During interviews with victims, police began to suspect that bodies had been hidden at the home, which was used as a police station in the TV series Bergerac.
Three former residents independently told of friends suddenly disappearing. Jersey police called in the two sniffer dogs - both used in the Madeleine McCann inquiry - and ground-penetrating radar.
The skeleton was found in a corridor leading off a central courtyard. Among the remains, thought to date from the early 1980s, were a girl’s hair clasp, a button and a piece of fabric.
The man heading the inquiry, Deputy Chief Officer Lenny Harper, said the discovery may be only “the tip of the iceberg”.

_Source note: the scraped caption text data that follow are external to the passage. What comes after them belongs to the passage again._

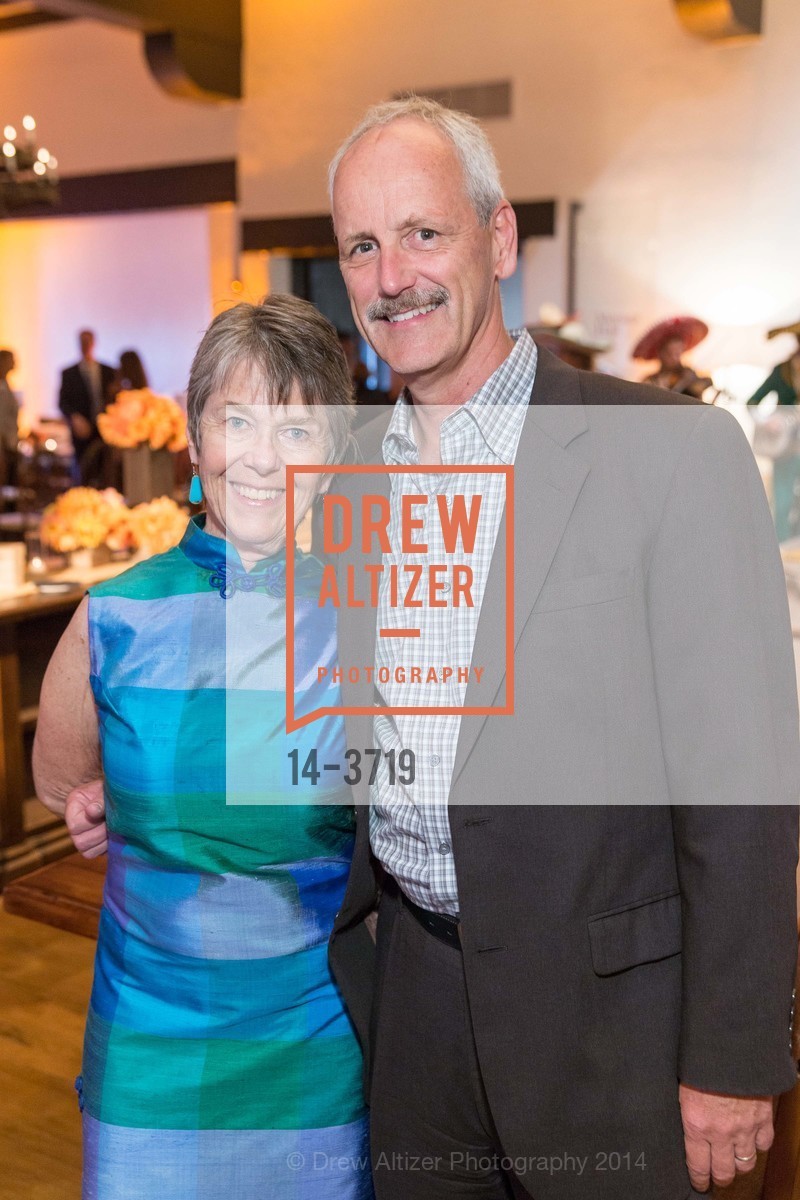 Holly Middleton, Craig Middleton, UCSF Gives the Boot to Breast Cancer, US, September 12th, 2014, Photo #14-3719 Holly Middleton, Craig Middleton, Photo #14-3719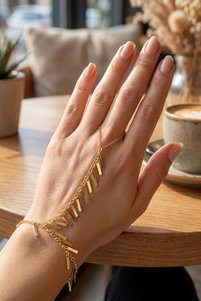 Related product image Skygo Bijou Hand Chains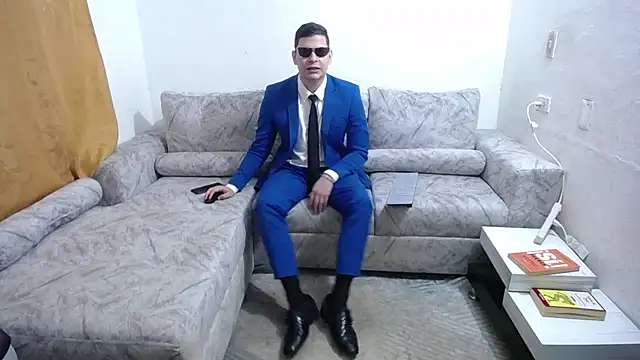 Victor Maitland online show from 5, 10, 2025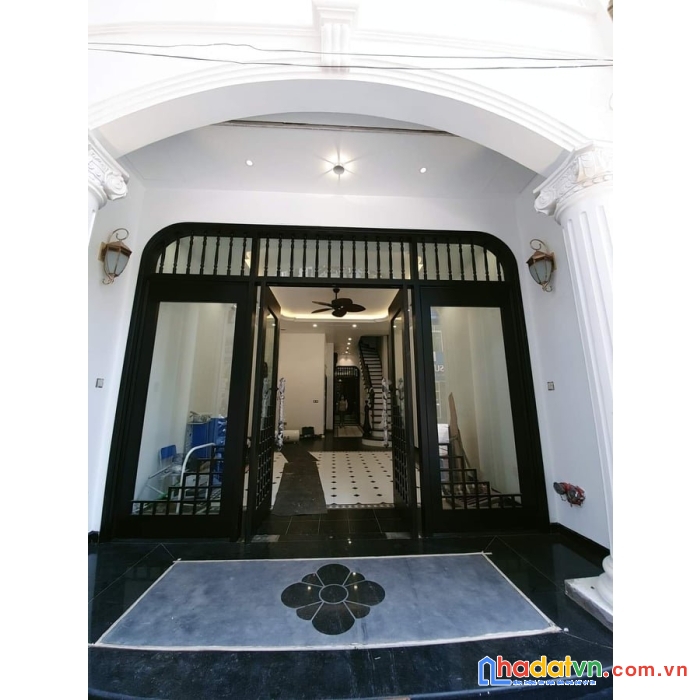 Bán ks mặt phố triệu việt vương - tuệ tĩnh - mai hắc đế. dt 110m2. 10 tầng. giá 99 tỷ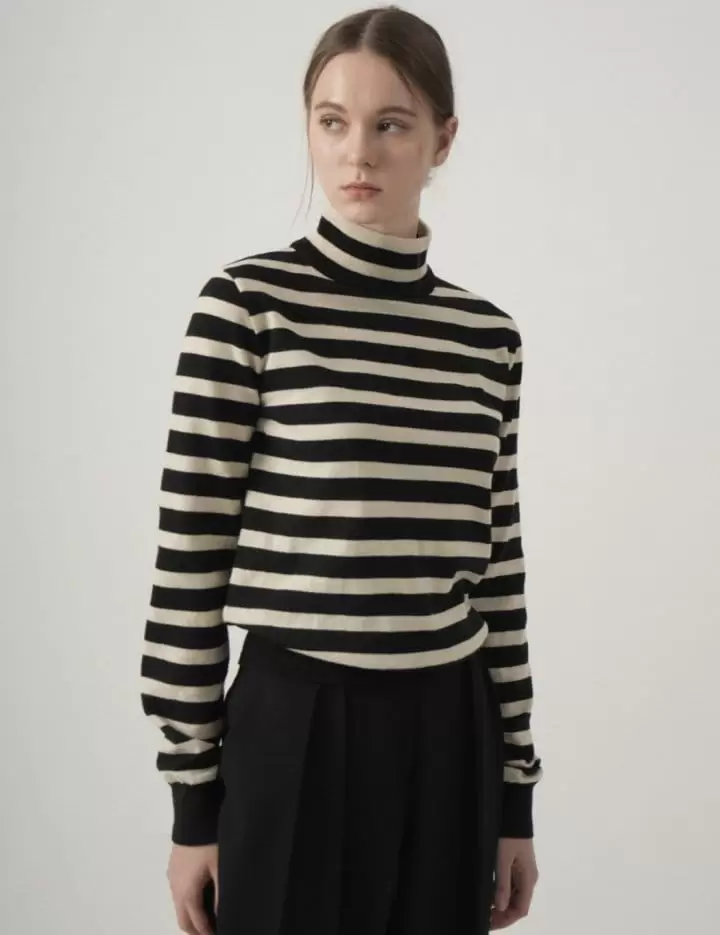 Tahiti - Korean Women Fashion - #restrostyle - Murphy Turtleneck Tee - 4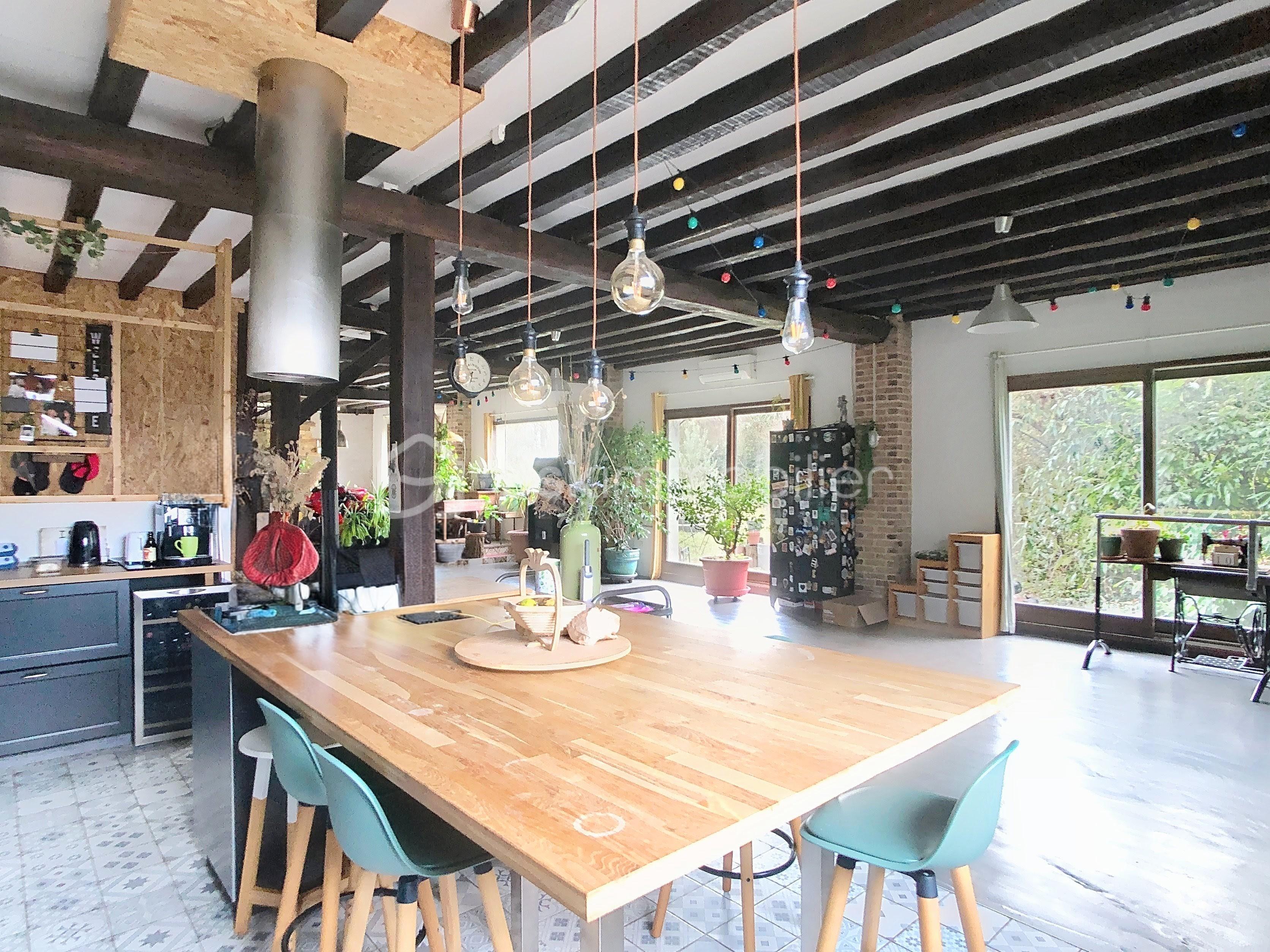 Maison en pierre de 250 m² - mr-doury_00002~2 (1).jpg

Asked if he expected to find more bodies, he said: “There could be six or more. It could be higher than that. Half the sites are inside and half are outside.
“In each case the radar has tended to show some sort of disturbance under the ground where the dog has picked up the scent of something.
“We can’t say it was homicide but much of the information we are receiving leads us to this fear.”
More than 1,000 children are thought to have lived in the 60-bed home, now a youth hostel, from the early 1950s until its closure in the mid-1980s.
Children from eight to 14 were sent there for various reasons. Many had special needs and came from broken or dysfunctional families, making tracing relatives an even tougher job.
There was also a secure unit for youngsters who had committed offences in Jersey.
When the home closed down, children were transferred to other institutions across Jersey where abuse continued until the early part of this decade.
The police inquiry began in secret and was made public only in November last year.
By then victims had been traced as far away as Australia and Thailand.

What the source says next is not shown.